Nested Knowledge, St. Paul, MN, USA.
OBJECTIVES: ISPOR showcases various presentations applying AI across HEOR domains. This work aimed to characterize the scope, methodological diversity, and outcomes of AI/large language model (LLM) applications in HEOR research presented at ISPOR Europe in November 2025.
METHODS: A total of 145 abstracts mentioning AI or LLMs were identified from the ISPOR presentations database and reviewed in the Nested Knowledge platform. Adaptive Smart Tags recommended extraction and experts rapidly curated abstract information including objectives, methodology, HEOR task categories, AI platforms reported, data sources, validation approaches, and performance metrics.
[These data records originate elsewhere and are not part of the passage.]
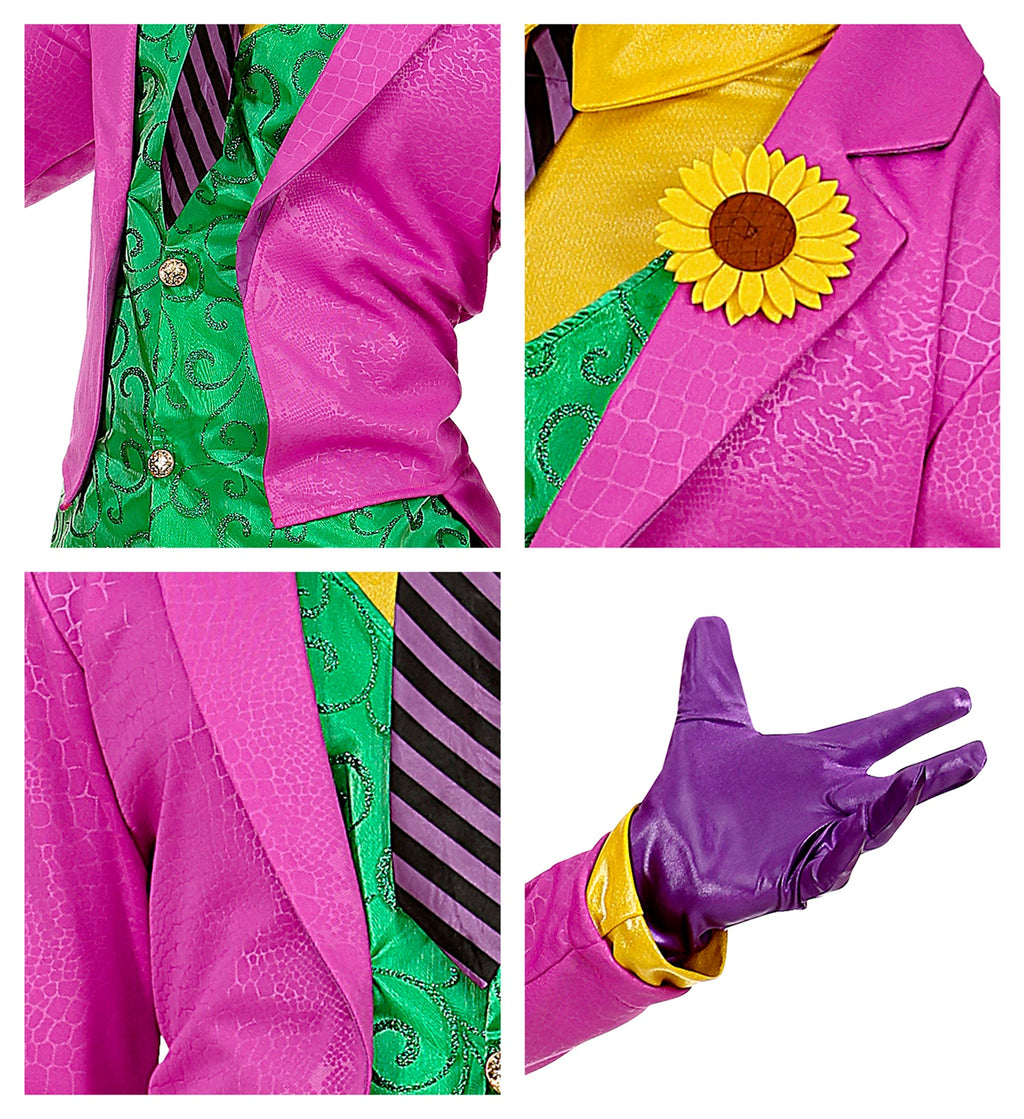 Kostüm Mad Joker Clown – Bild 4 | LuxeStyle
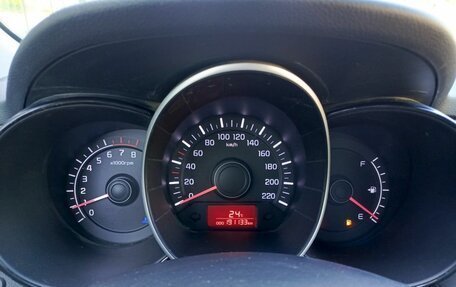 KIA Rio III рестайлинг, 2013 год, 714 000 рублей, 13 фотография
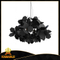 Black metal home decorative hanging light (KAP5604) 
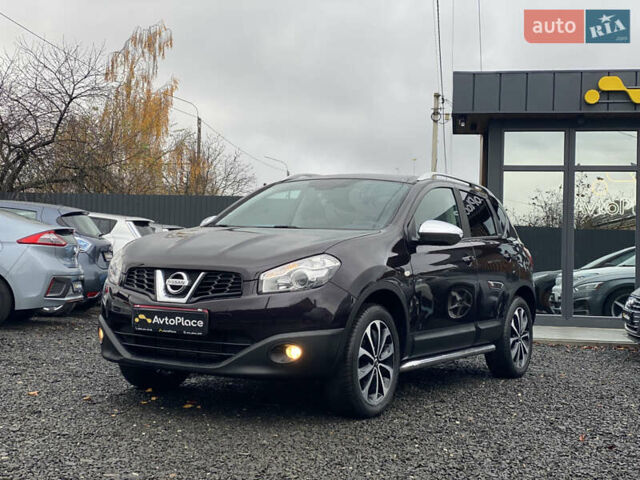 Коричневый Ниссан Кашкай, объемом двигателя 1.5 л и пробегом 207 тыс. км за 9700 $, фото 5 на Automoto.ua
Findings were synthesized to define trends across methodologies and AI application domains.
RESULTS: Across domains that utilized AI, evidence synthesis dominated (n=60/145 abstracts), followed by real-world evidence applications (n=30) and economic modeling (n=18). Among models, LLMs were most frequently employed (n=70), followed by proprietary platforms (n=29) and retrieval-augmented generation systems (n=24). Performance metrics demonstrated accuracy of 70-100%, precision of 8-100%, and F1-scores of 11-99%. Efficiency gains included time savings of 48-95% and workload reductions of 46-90%. Validation primarily relied on direct human comparison (n=51), with limited external validation (n=30). Challenges included interpretability gaps (n=98) and ethical barriers (n=23). Hybrid AI-human models consistently outperformed fully automated or manual-only approaches.
CONCLUSIONS: Studies presented at ISPOR Europe 2025 demonstrated that AI tools reduce time and resource requirements for screening and data extraction in literature review and economic model programming, with the largest efficiency gains reported in high-volume, repetitive tasks. Across presentations, hybrid AI-expert workflows consistently outperformed fully automated approaches, reinforcing the need for human oversight to maintain analytical validity. The range of applications, from title/abstract screening to qualitative coding to payer communication, reflects rapid experimentation, though most studies were proof-of-concept or single-use-case evaluations. These findings suggest near-term adoption should prioritize applications with reproducible validation methods while the field develops shared quality frameworks and reporting standards for HEOR-specific AI use.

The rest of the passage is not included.